I don't want to know with whom I am in conflict; I don't want to know the peripheral conflicts of my being. What I want to know is why conflict should exist at all. When I put that question to myself I see a fundamental issue which has nothing to do with peripheral conflicts and their solutions. I am concerned with the central issue and I see - perhaps you see also? - that the very nature of desire, if not properly understood, must inevitably lead to conflict. Desire is always in contradiction. I desire contradictory things - which doesn't mean that I must destroy desire, suppress, control or sublimate it - I simply see that desire itself is contradictory. It is not the objects of desire but the very nature of desire which is contradictory. And I have to understand the nature of desire before I can understand conflict. In ourselves we are in a state of contradiction, and that state of contradiction is brought about by desire - desire being the pursuit of pleasure and the avoidance of pain, which we have already been into.

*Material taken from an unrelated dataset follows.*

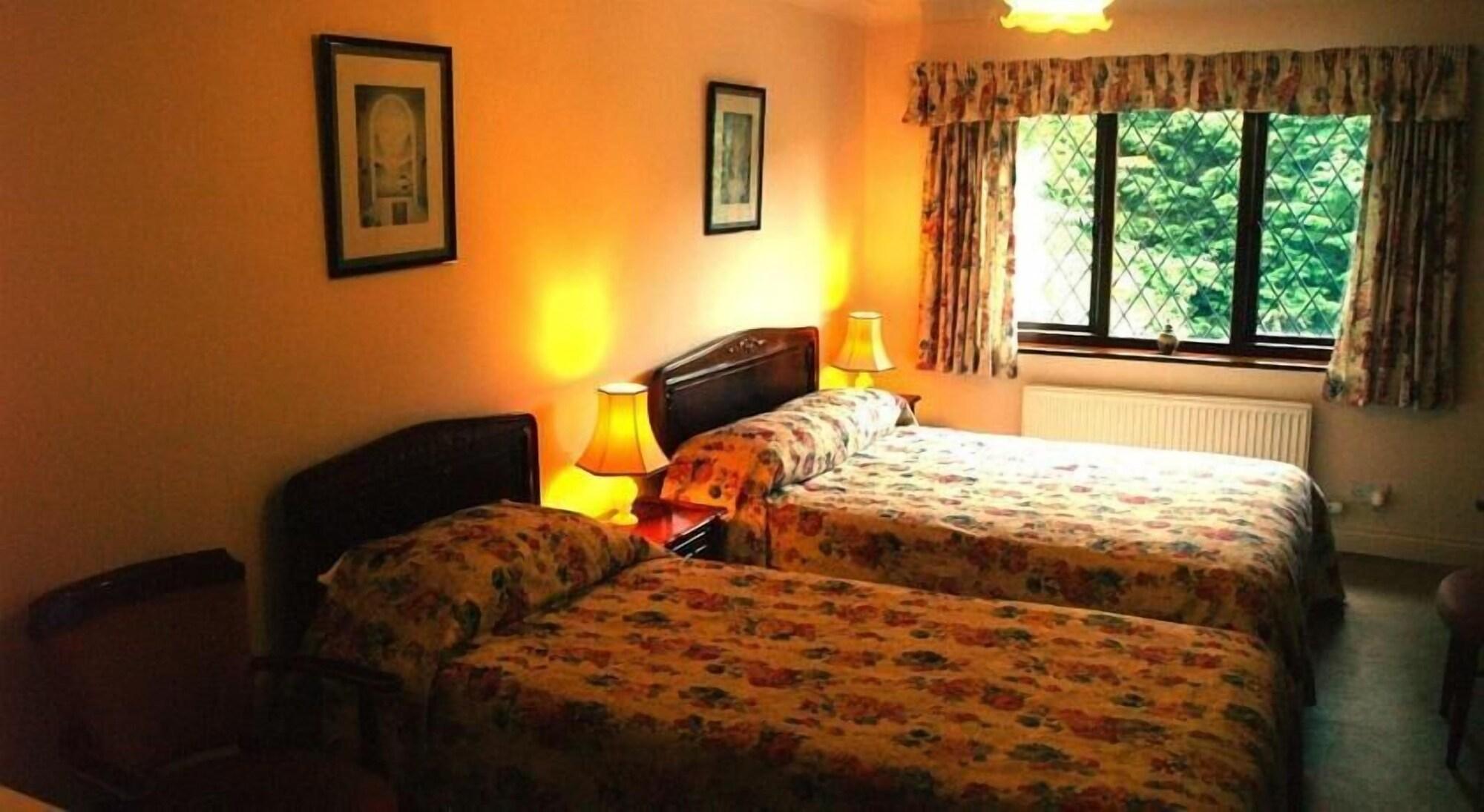 Cotswold House Hotel Oxford Ngoại thất bức ảnh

So we see desire as the root of all contradiction - wanting something and not wanting it - a dual activity. When we do something pleasurable there is no effort involved at all, is there? But pleasure brings pain and then there is a struggle to avoid the pain, and that again is a dissipation of energy. Why do we have duality at all? There is, of course, duality in nature - man and woman, light and shade, night and day - but inwardly, psychologically, why do we have duality? Please think this out with me, don't wait for me to tell you. You have to exercise your own mind to find out. My words are merely a mirror in which to observe yourself. Why do we have this psychological duality? Is it that we have been brought up always to compare `what is' with `what should be'? We have been conditioned in what is right and what is wrong, what is good and what is bad, what is moral and what is immoral. Has this duality come into being because we believe that thinking about the opposite of violence, the opposite of envy, of jealousy, of meanness, will help us to get rid of those things? Do we use the opposite as a lever to get rid of what is? Or is it an escape from the actual?

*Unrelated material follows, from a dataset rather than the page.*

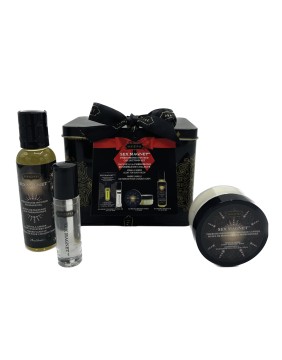 Kits & Muestras para Cuidado Sensual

Do you use the opposite as a means of avoiding the actual which you don't know how to deal with? Or is it because you have been told by thousands of years of propaganda that you must have an ideal - the opposite of `what is' - in order to cope with the present? When you have an ideal you think it helps you to get rid of `what is', but it never does. You may preach non-violence for the rest of your life and all the time be sowing the seeds of violence.

You have a concept of what you should be and how you should act, and all the time you are in fact acting quite differently; so you see that principles, beliefs and ideals must inevitably lead to hypocrisy and a dishonest life. It is the ideal that creates the opposite to what is, so if you know how to be with `what is', then the opposite is not necessary.

Trying to become like somebody else, or like your ideal, is one of the main causes of contradiction, confusion conflict. A mind that is confused, whatever it does, at any level, will remain confused; any action born of confusion leads to further confusion. I see this very clearly; I see it as clearly as I see an immediate physical danger. So what happens? I cease to act in terms of confusion any more. Therefore inaction is complete action.